Author brings historical figure Isabella Beecher Hooker out of the shadows

By Brenda Sullivan - ReminderNews
Colchester - posted Tue., Sep. 3, 2013
Susan Campbell at the Cragin Memorial Library, as part of the Connecticut Authors Trail series, delivered an engaging and humorous talk about her biography, ‘Tempest-Tossed: The Spirit of Isabella Beecher Hooker,’ to be published in March 2014. Photo by Brenda Sullivan.
Susan Campbell at the Cragin Memorial Library, as part of the Connecticut Authors Trail series, delivered an engaging and humorous talk about her biography, ‘Tempest-Tossed: The Spirit of Isabella Beecher Hooker,’ to be published in March 2014. Photo by Brenda Sullivan.

The attractive, strong-willed, sharply intelligent and charismatic Isabella Beecher Hooker born in 1822 in Litchfield, Conn., would - for a time - become the Oprah Winfrey of her day. This taste of celebrity – and the social/political influence that can come with it – would be relatively short-lived.

Not unlike the fickle fate of the famous today, the same people who would stand in long lines for her speaking tours would later brand her as “crazy” and then forget her.

The most vocal of her detractors would be her own family, whose most famous member was Harriet Beecher Stowe, author of “Uncle Tom’s Cabin.” The Harriet Beecher Stowe Center neighbors the well-known Mark Twain House in Hartford.

This portrait of Isabella, a woman who should be as much a topic of American history as her half-sister Harriet, was revealed in an engaging and humorous talk that brought Isabella out of the shadows and gave her a voice, as conveyed by author Susan Campbell.

Campbell spoke Aug. 29 at the Cragin Memorial Library as part of the annual Connecticut Authors Trail series. Campbell is a former columnist for The Hartford Courant; the award-winning author of “Marrying Jesus,” about growing up in a fundamentalist home; and co-host of a blog called Hot Dogma (http://hot-dogma.com ). Her new biography, “Tempest-Tossed: The Spirit of Isabella Beecher Hooker,” will be published in March 2014.

Campbell told an audience of about 40 history buffs the origins of her new book was a story she wrote that left her dissatisfied and pushed her to do more research, as well as a husband who probably tired of hearing a subject Campbell said she worked into most conversations, who politely suggested, “Why don’t you write a book?”

Campbell led the audience through the unusual events of Isabella’s life, such as the good fortune of marrying a man, John Hooker, who recognized Isabella’s talents and encouraged her to become educated about the abolitionist movement and later joined the fight for women’s rights.

Hooker also was a patient man who accepted Isabella’s conditions for accepting his marriage proposal, including waiting two years for her to finish her education.
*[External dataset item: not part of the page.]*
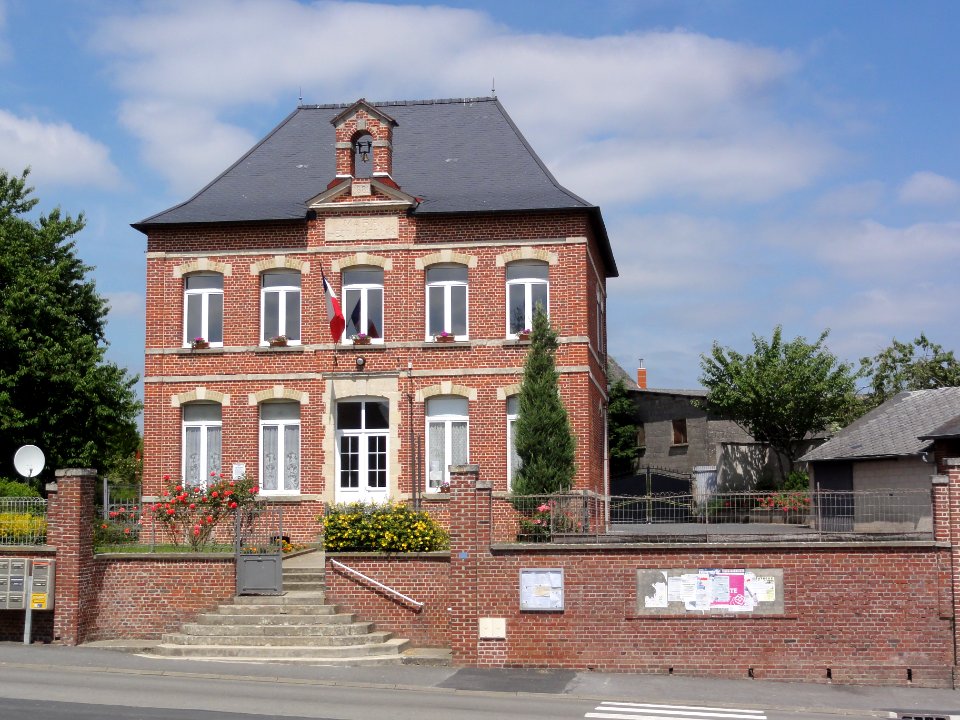 Dorengt (Aisne) mairie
Also, because of her husband’s failing eyesight, to help him with his studies, Isabella read his law books to him. Thus, she discovered that as a wife, legally she was no more than an “appendage” of her husband.

She began lobbying legislators with her husband and other supporters of women’s rights, and by 1877, Connecticut became the first state to make it legal for women to own property.

So, how did such a woman slip into obscurity? It was a combination of factors, Campbell said, such as stating emancipated slaves should not be shipped to Africa but allowed to live freely in this country, bouts of depression (a family trait), and publicly asking her brother (a famous preacher) to repent of his affair with a married woman and step down from the pulpit.

Campbell concluded her talk with a candid confession. Curious about her ongoing obsession with Isabella, Campbell consulted psychics (not telling them who she was inquiring about). She grew disgusted with the wishy-washy “insights” of several but finally stumbled upon one who made a startling connection.

“There’s an older woman standing by and holding her head,” the psychic said.  Isabella died in 1907 following a stroke.

The psychic continued, “She’s been talking to you for a while… She says her name is Belle,” which was what the family called Isabella.

The psychic also said that Isabella admires “your First Lady,” Michelle Obama, but like the role women played in Isabella’s era, this smart and powerful woman, “could run the country, but instead she has to deal with fat children” – reflecting Isabella’s habit of not mincing words – referring to the campaign against childhood obesity.

Campbell said the psychic also told her that Isabella thanked her for finally giving her a voice.